━━ Material shown ━━

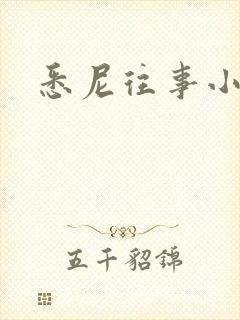 悉尼往事小说封面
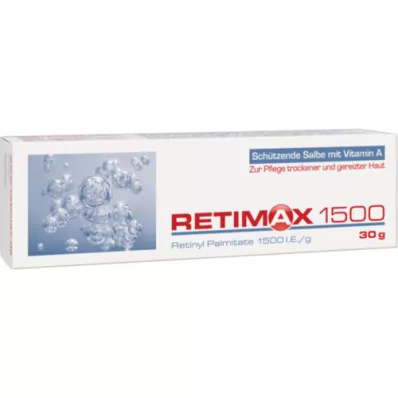 RETIMAX 1500 Maść, 30 g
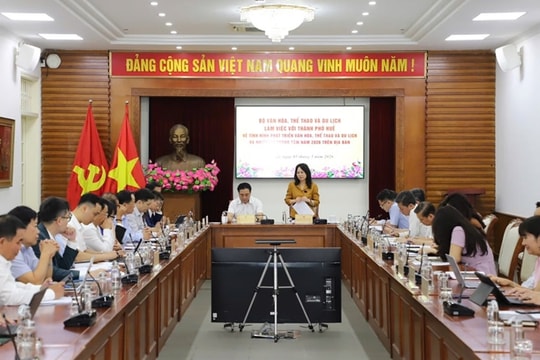Xây dựng Huế trở thành trung tâm sáng tạo văn học nghệ thuật đặc sắc, hình mẫu “Đô thị di sản"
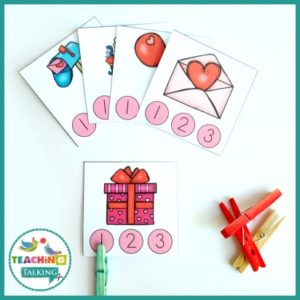 Valentine’s Day Syllables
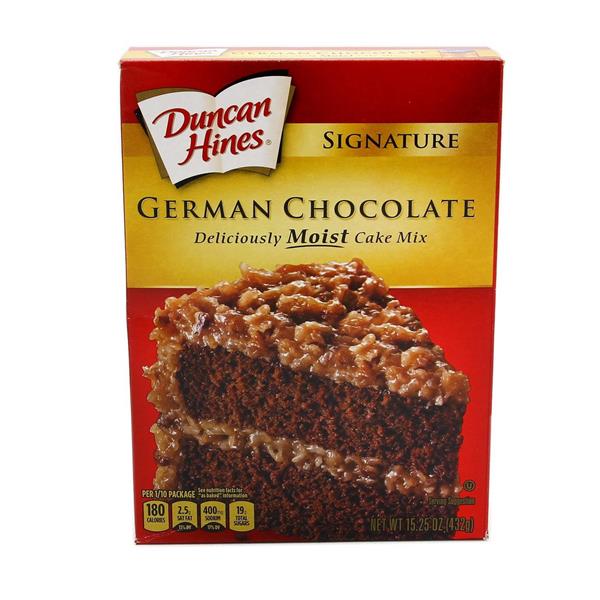 Duncan Hines German Chocolate Cake Mix at Hy-Vee Aisles Online Grocery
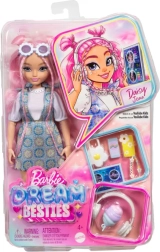 Barbie Dream Besties Daisy Jean mados lėlė su muzikiniais priedais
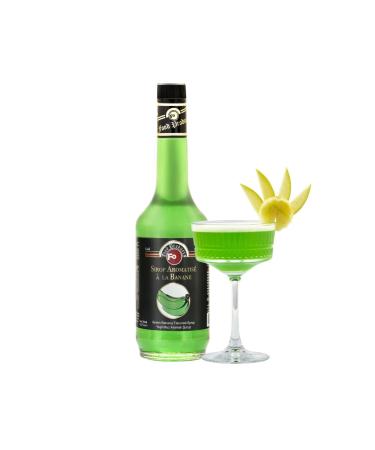 FO Green Banana Flavored Syrup 700 ml - Buy Online on GoSupps.com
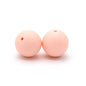 50pcs 19mm Silicone Beads Solid Color Wide Selection 126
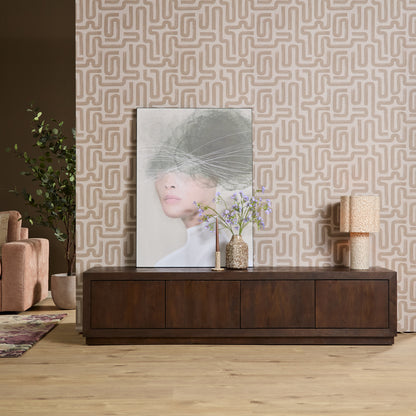Tv-meubel Brussel Bruin | 200 cm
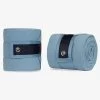 PS Of Sweden Bow Polo Bandages - Aqua -Equestrian Riding Equipment Store pspolosaquabowrdy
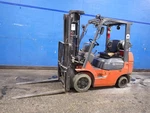 Toyota 7FGCU25 Propane Forklift 4500 Lbs 02261090005. Fixed Price $6898.85.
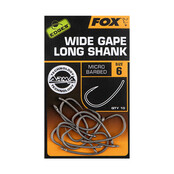 FOX Edges Armapoint Super Wide Gape Long Shank Misura 6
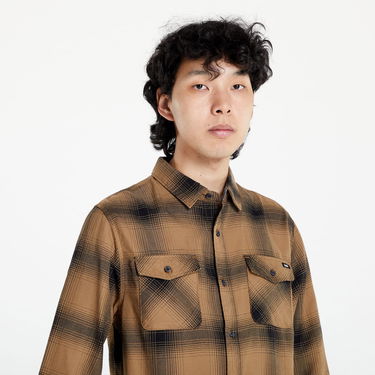 Košeľa Vans Monterey III Shirt Hnedá | VN0A3HL3RQJ1, 4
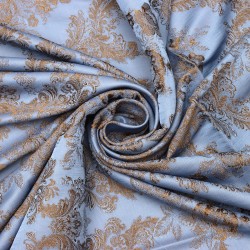 Carl V-2116 Wholesale Jacquard Background Curtain Fabrics Living Room and Bedroom Curtains 7 Models 100% Polyester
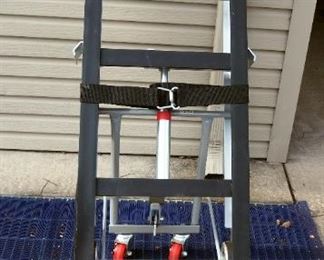 Dayton Vending Machine Hand Truck, Model 34D681, 550LB Capacity
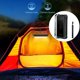 thumbnail image 3 of Linterna de Camping LED Recargable, Portátil de 20000 MAh, Luz de , Linternas de Supervivencia, Reflector para Tienda de , Camping, S - Soporte negro Cola Paquete de baterías externas, 3 of 7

━━━

• About this exercise: Because only one stretch of the records is wanted, please output the lines from the one holding "Duncan Hines German" through the one holding "Tv-meubel Brussel Bruin | 200 cm" exactly, both included, and leave every picture out.

• Response area:
 Duncan Hines German Chocolate Cake Mix at Hy-Vee Aisles Online Grocery
 Barbie Dream Besties Daisy Jean mados lėlė su muzikiniais priedais
 FO Green Banana Flavored Syrup 700 ml - Buy Online on GoSupps.com
 50pcs 19mm Silicone Beads Solid Color Wide Selection 126
Tv-meubel Brussel Bruin | 200 cm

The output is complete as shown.